Locate the line that contains "2006 Red Hot", then copy it and all later lines of the data below exactly, through the last one.

(Dataset entries)
<<<<

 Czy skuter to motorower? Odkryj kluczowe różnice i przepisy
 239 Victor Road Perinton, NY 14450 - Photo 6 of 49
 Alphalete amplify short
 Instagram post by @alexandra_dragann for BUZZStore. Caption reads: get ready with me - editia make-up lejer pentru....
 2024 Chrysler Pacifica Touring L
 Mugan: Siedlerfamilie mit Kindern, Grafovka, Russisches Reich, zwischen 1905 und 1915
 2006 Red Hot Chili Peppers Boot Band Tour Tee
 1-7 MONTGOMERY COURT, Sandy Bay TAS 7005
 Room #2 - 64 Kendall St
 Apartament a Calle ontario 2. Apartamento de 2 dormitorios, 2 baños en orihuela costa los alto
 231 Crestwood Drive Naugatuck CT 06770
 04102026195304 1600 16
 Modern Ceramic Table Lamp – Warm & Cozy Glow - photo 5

>>>>

■ **ANSWER SPACE**:
 2006 Red Hot Chili Peppers Boot Band Tour Tee
 1-7 MONTGOMERY COURT, Sandy Bay TAS 7005
 Room #2 - 64 Kendall St
 Apartament a Calle ontario 2. Apartamento de 2 dormitorios, 2 baños en orihuela costa los alto
 231 Crestwood Drive Naugatuck CT 06770
 04102026195304 1600 16
 Modern Ceramic Table Lamp – Warm & Cozy Glow - photo 5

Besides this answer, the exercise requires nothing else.